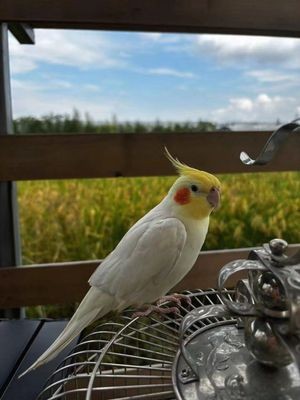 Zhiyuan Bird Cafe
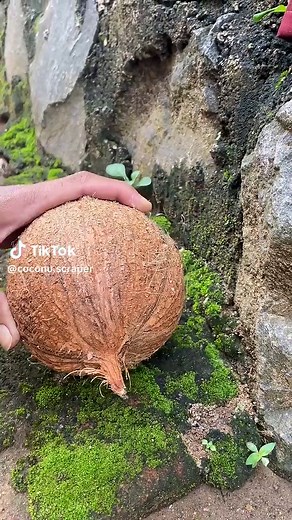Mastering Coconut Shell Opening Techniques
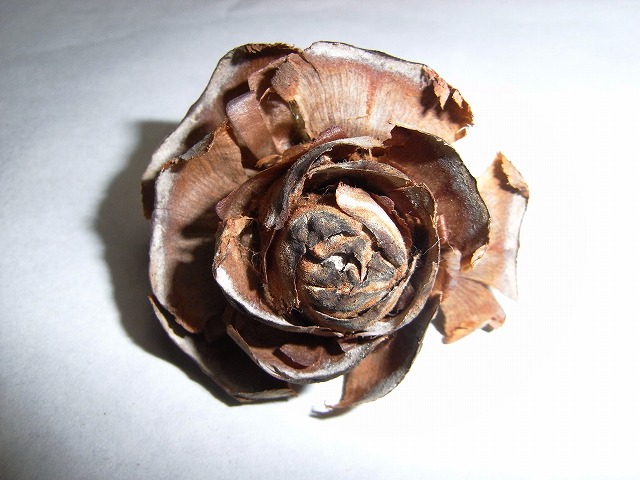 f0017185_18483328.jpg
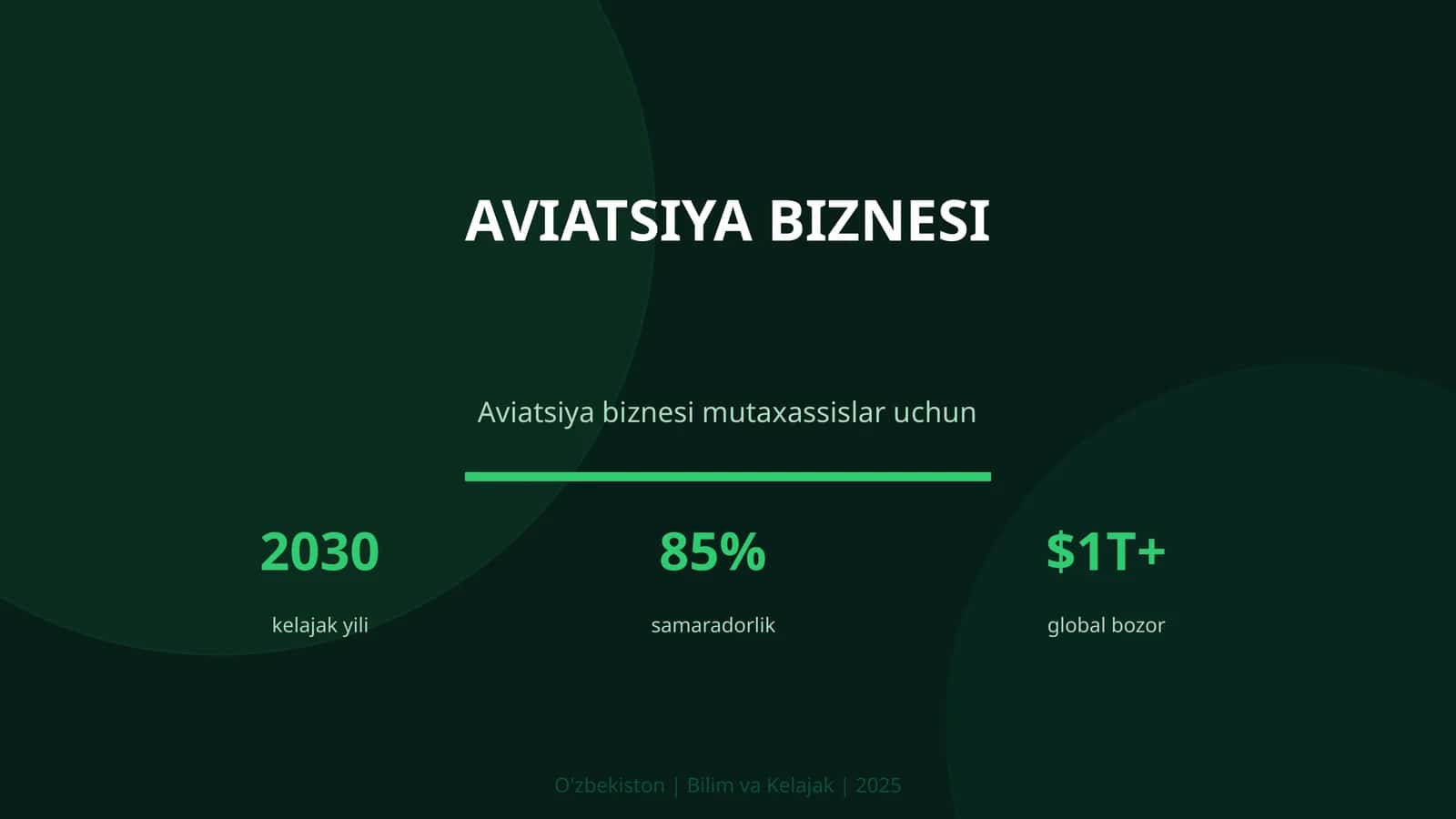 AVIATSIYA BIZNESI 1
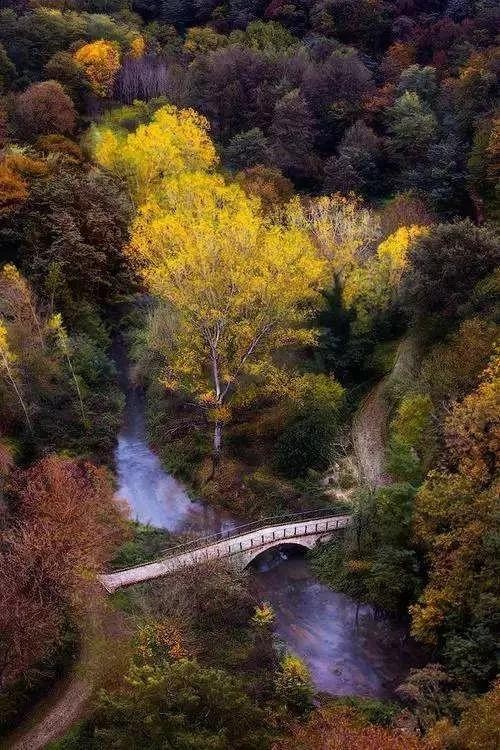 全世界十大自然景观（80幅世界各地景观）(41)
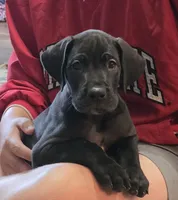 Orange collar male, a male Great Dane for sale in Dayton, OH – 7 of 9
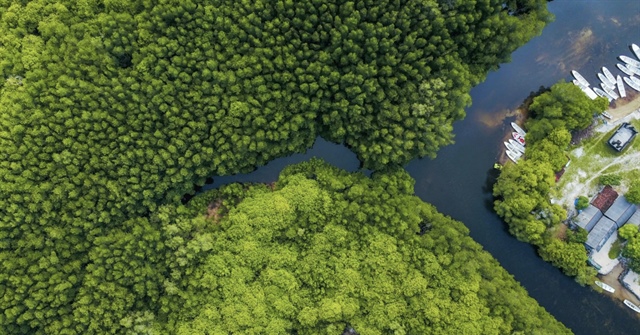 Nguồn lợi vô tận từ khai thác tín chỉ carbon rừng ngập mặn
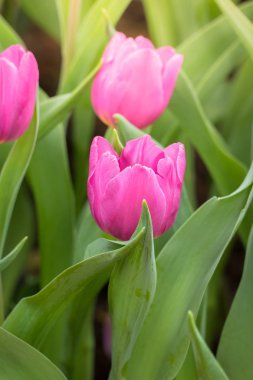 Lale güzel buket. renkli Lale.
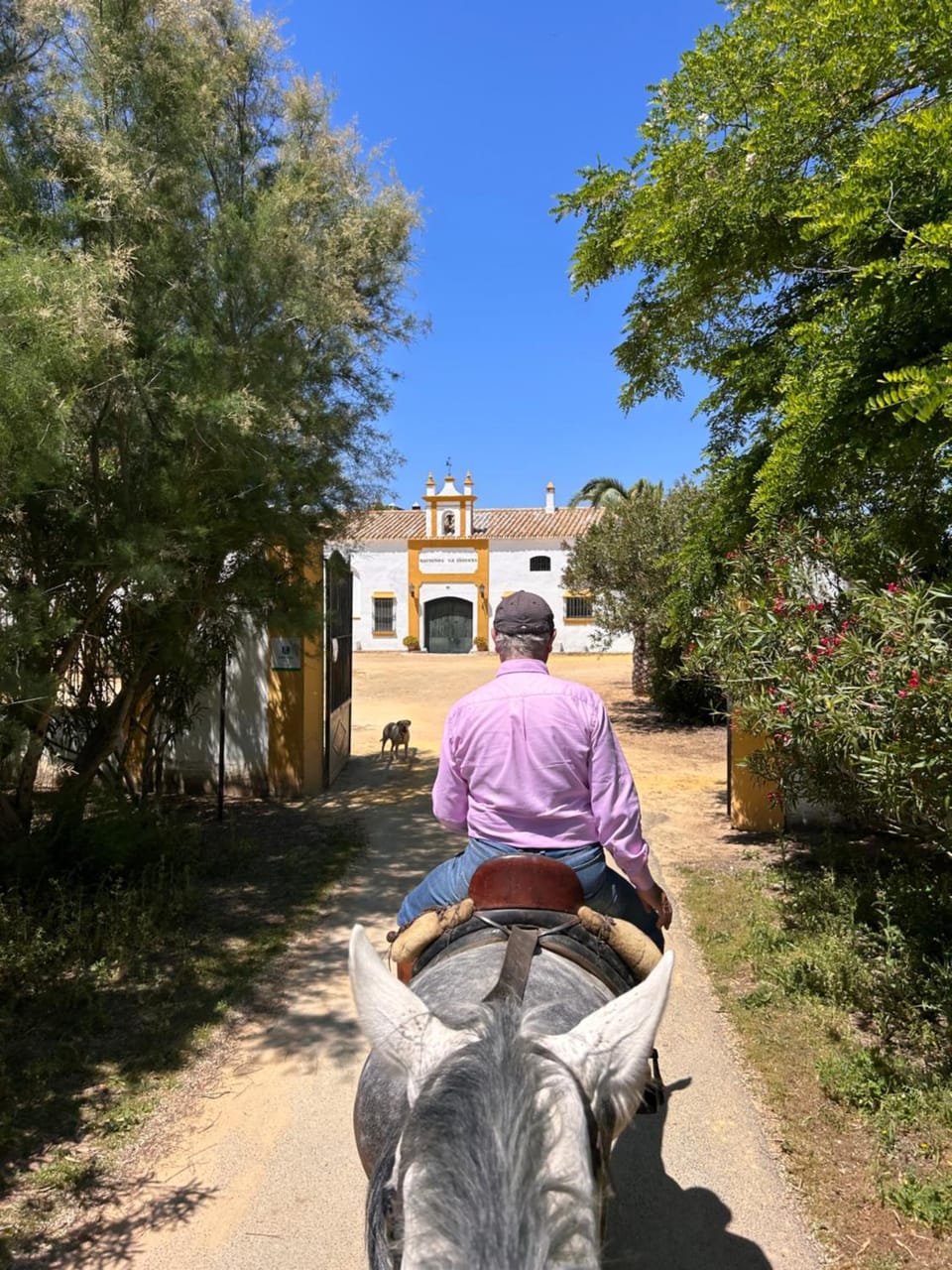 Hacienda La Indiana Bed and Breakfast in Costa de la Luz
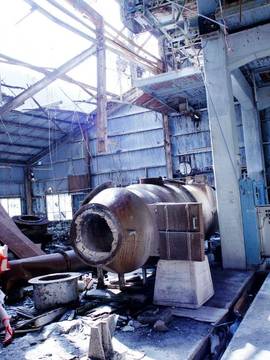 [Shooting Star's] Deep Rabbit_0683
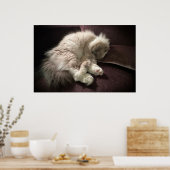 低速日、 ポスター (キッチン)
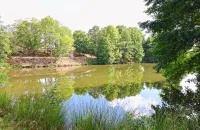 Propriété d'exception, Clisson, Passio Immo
::::::::
→ Work to complete:
Reproduce nothing but the lines running from the line with "全世界十大自然景观（80幅世界各地景观）(41)" through the end of the records, keeping both end lines and dropping the pictures.

→ Reply to the task:
 全世界十大自然景观（80幅世界各地景观）(41)
 Orange collar male, a male Great Dane for sale in Dayton, OH – 7 of 9
 Nguồn lợi vô tận từ khai thác tín chỉ carbon rừng ngập mặn
 Lale güzel buket. renkli Lale.
 Hacienda La Indiana Bed and Breakfast in Costa de la Luz
 [Shooting Star's] Deep Rabbit_0683
 低速日、 ポスター (キッチン)
 Propriété d'exception, Clisson, Passio Immo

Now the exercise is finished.